Speaking to the New Yorker about his forthcoming directorial debut, “Unfrosted,” the comedian spoke about what he sees as the impending end of television comedy, asserting that people no longer turn to the TV for laughs as they once did.
“Nothing really affects comedy. People always need it. They need it so badly and they don’t get it,” Seinfeld said. “It used to be, you would go home at the end of the day, most people would go, ‘Oh, “Cheers” is on. Oh, “MASH” is on. Oh, “Mary Tyler Moore” is on. “All in the Family” is on.’ You just expected, ‘There’ll be some funny stuff we can watch on TV tonight.’ Well, guess what — where is it? This is the result of the extreme left and P.C. crap, and people worrying so much about offending other people.”
The co-creator and star of long-running NBC sitcom, “Seinfeld,” continued by arguing that comedy lovers are “now going to see stand-up comics because we are not policed by anyone.”

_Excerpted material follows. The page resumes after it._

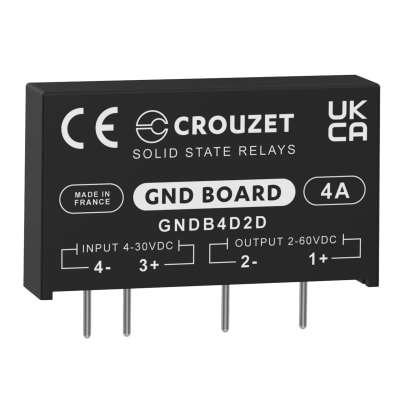CROUZET GNDB4D2D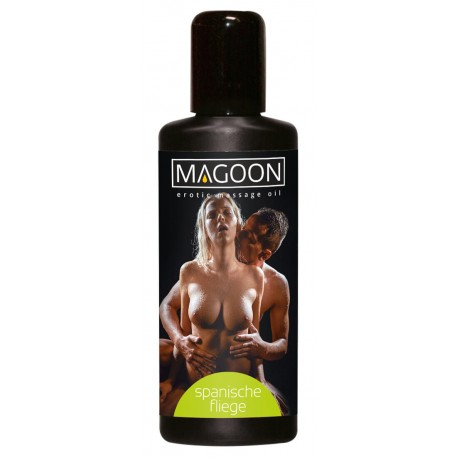 Spanische Fliege Massage-Öl 100 ml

“The audience polices us. We know when we’re off track,” he said. “We know instantly and we adjust to it instantly. But when you write a script and it goes into four or five different hands, committees, groups — ’Here’s our thought about this joke.’ Well, that’s the end of your comedy.”
“We did an episode of the [‘Seinfeld’] in the ’90s where Kramer decides to start a business of having homeless people pull rickshaws because, as he says, ‘They’re outside anyway,’” Seinfeld continued. “Do you think I could get that episode on the air today? . . . We would write a different joke with Kramer and the rickshaw today. We wouldn’t do that joke. We’d come up with another joke. They move the gates like in the slalom. Culture — the gates are moving. Your job is to be agile and clever enough that, wherever they put the gates, I’m going to make the gate.”

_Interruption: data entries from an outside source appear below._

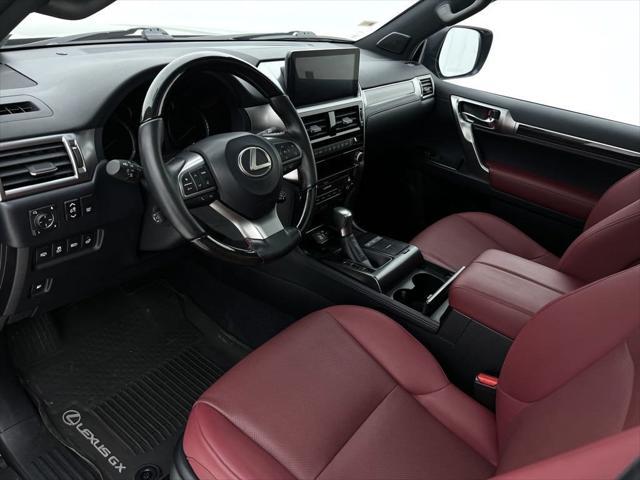 2023 lexus gx 460 premium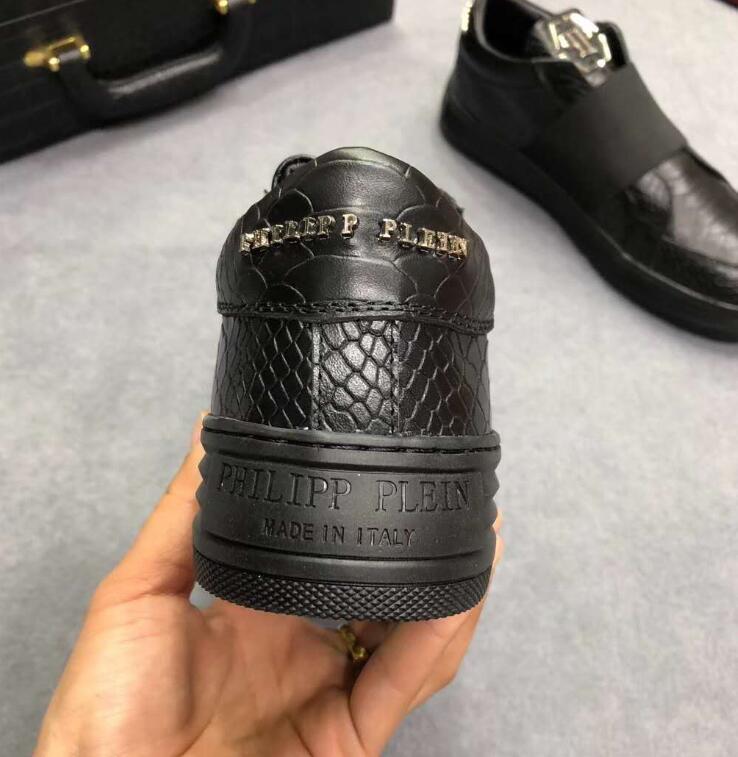 Ozarra Luxury - PHP Shoes - 134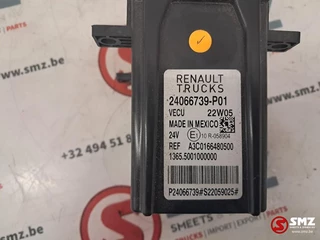 Renault N/A 2022 - Occ ECU VECU regeleenheid Renault image 4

Seinfeld’s latest remarks build off other hot takes of late. In a recent interview with GQ magazine ahead of the “Unfrosted” premiere, he claimed that “the movie business is over.”
Slated to hit Netflix in May, the big-budget comedy chronicles the fictional creation of Pop-Tarts toaster pastries vis-à-vis warring competition between major cereal companies, Kellogg’s and Post.
In a discussion about jumping into moviemaking later in his career, Seinfeld said, “It was totally new to me. I thought I had done some cool stuff, but it was nothing like the way these people work,” Seinfeld said. “They’re so dead serious! They don’t have any idea that the movie business is over. They have no idea.
“Film doesn’t occupy the pinnacle in the social, cultural hierarchy that it did for most of our lives,” he expounded. “When a movie came out, if it was good, we all went to see it. We all discussed it. We quoted lines and scenes we liked. Now we’re walking through a fire hose of water, just trying to see.
“Depression? Malaise? I would say confusion. Disorientation replaced the movie business,” he answered. “Everyone I know in show business, every day, is going, ‘What’s going on? How do you do this? What are we supposed to do now?’
“I’ve done enough stuff that I have my own thing, which is more valuable than it’s ever been,” Seinfeld said of his professional trajectory. “Stand-up is like you’re a cabinetmaker, and everybody needs a guy who’s good with wood. . . . There’s trees everywhere, but to make a nice table, it’s not so easy. So, the metaphor is that if you have good craft and craftsmanship, you’re kind of impervious to the whims of the industry.
“Audiences are now flocking to stand-up because it’s something you can’t fake,” he said. “It’s like platform diving. You could say you’re a platform diver, but in two seconds we can see if you are or you aren’t. That’s what people like about stand-up. They can trust it. Everything else is fake.”
“Unfrosted” premieres May 3 on Netflix.